EXERCISE PROMPT
Extract the records in full, leaving every picture out.
- Opening Delimiter -
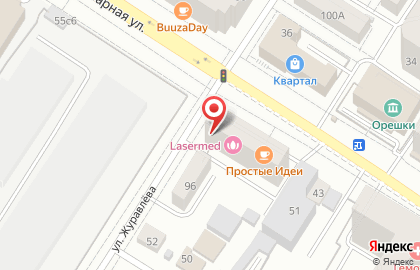Гастрономический бутик Эстье на Новобульварной улице на карте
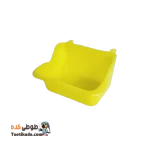 ظرف غذا پرنده سایز 6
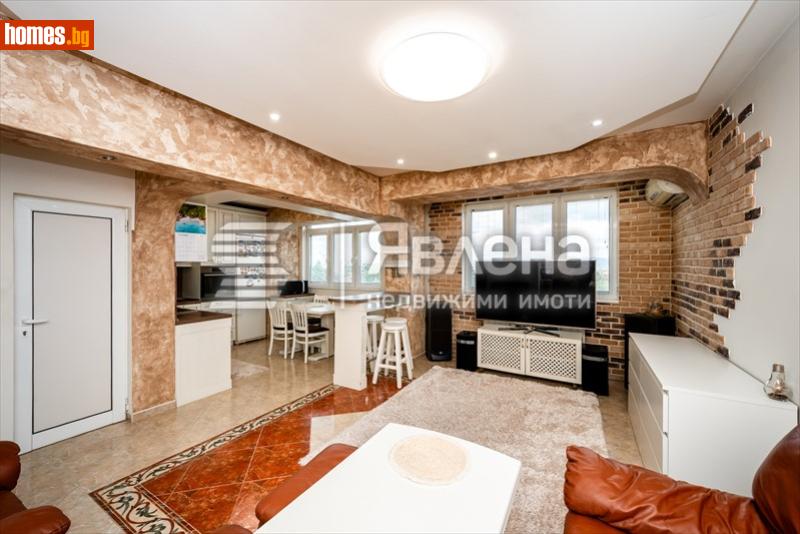 Четиристаен, 101m² -  Оборище, София - Апартамент за продажба - ЯВЛЕНА - 121149097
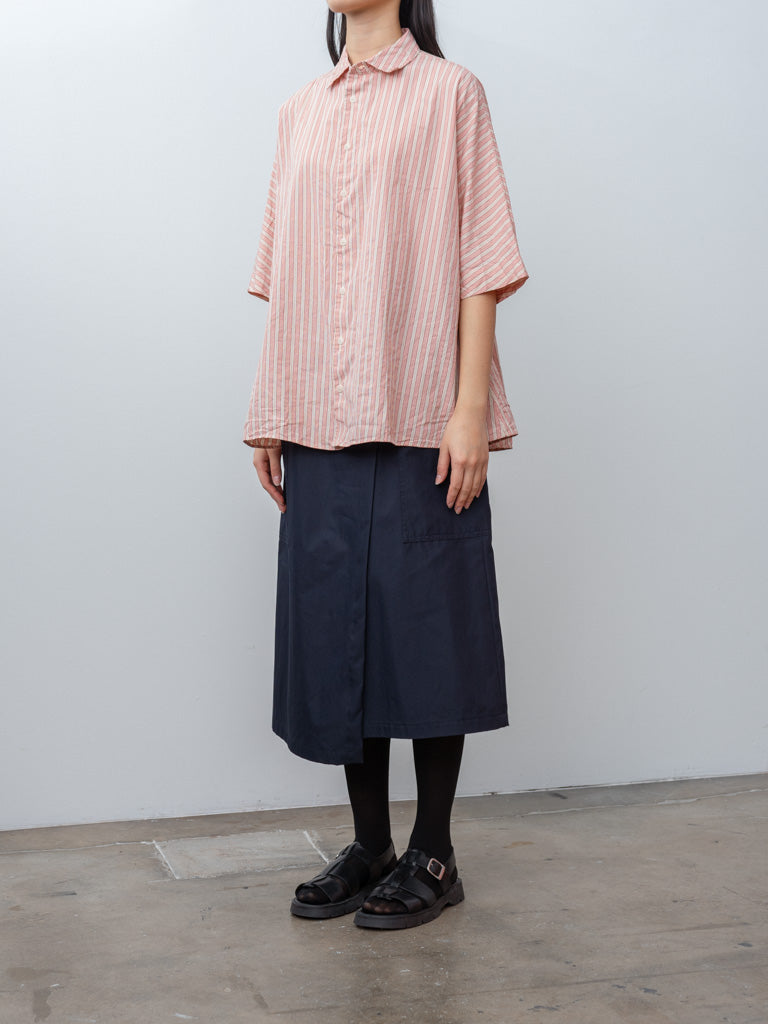 Namu Shop - Casey Casey Waga Soleil Shirt COT - Stripe
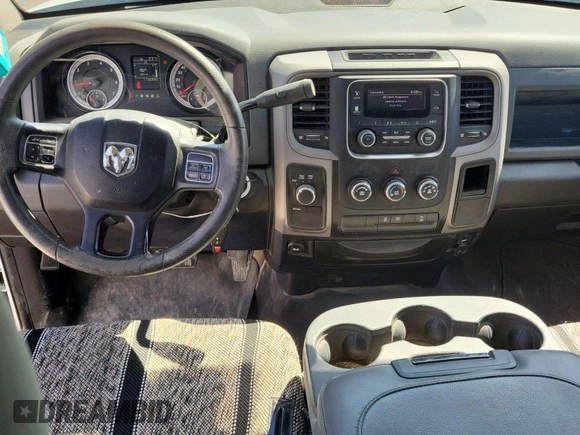 2018 Ram 2500 Tradesman with VIN 3C6UR5HJXJG425232, listed as a IAAI auction lot 42226243 with 114,835 mi miles. Bid and sale history available at carsss.com. Image 27.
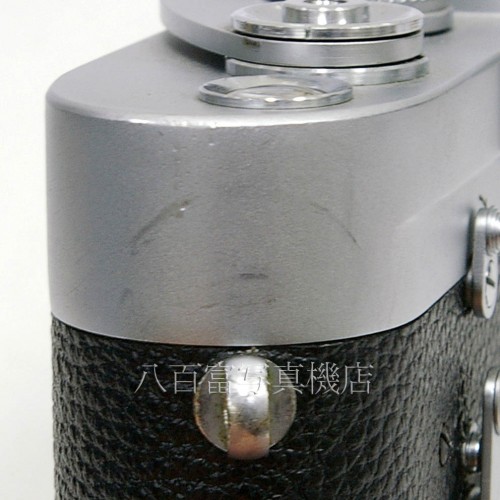 【中古】 ライカ M3 クローム ボディ Leica 中古カメラ K2694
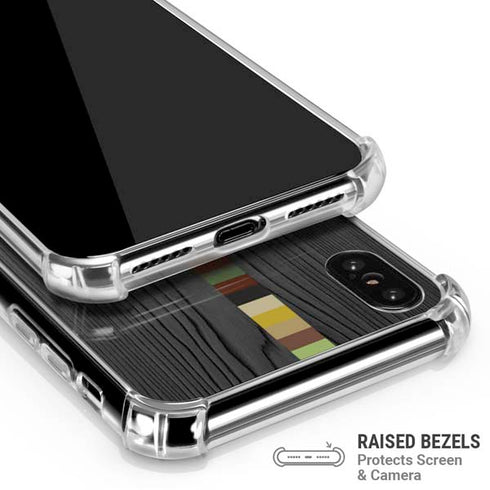 Craft & Commerce iPhone X/XS Clear Case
- Closing Delimiter -
WRITTEN ANSWER
Гастрономический бутик Эстье на Новобульварной улице на карте
 ظرف غذا پرنده سایز 6
 Четиристаен, 101m² -  Оборище, София - Апартамент за продажба - ЯВЛЕНА - 121149097
 Namu Shop - Casey Casey Waga Soleil Shirt COT - Stripe
 2018 Ram 2500 Tradesman with VIN 3C6UR5HJXJG425232, listed as a IAAI auction lot 42226243 with 114,835 mi miles. Bid and sale history available at carsss.com. Image 27.
 【中古】 ライカ M3 クローム ボディ Leica 中古カメラ K2694
 Craft & Commerce iPhone X/XS Clear Case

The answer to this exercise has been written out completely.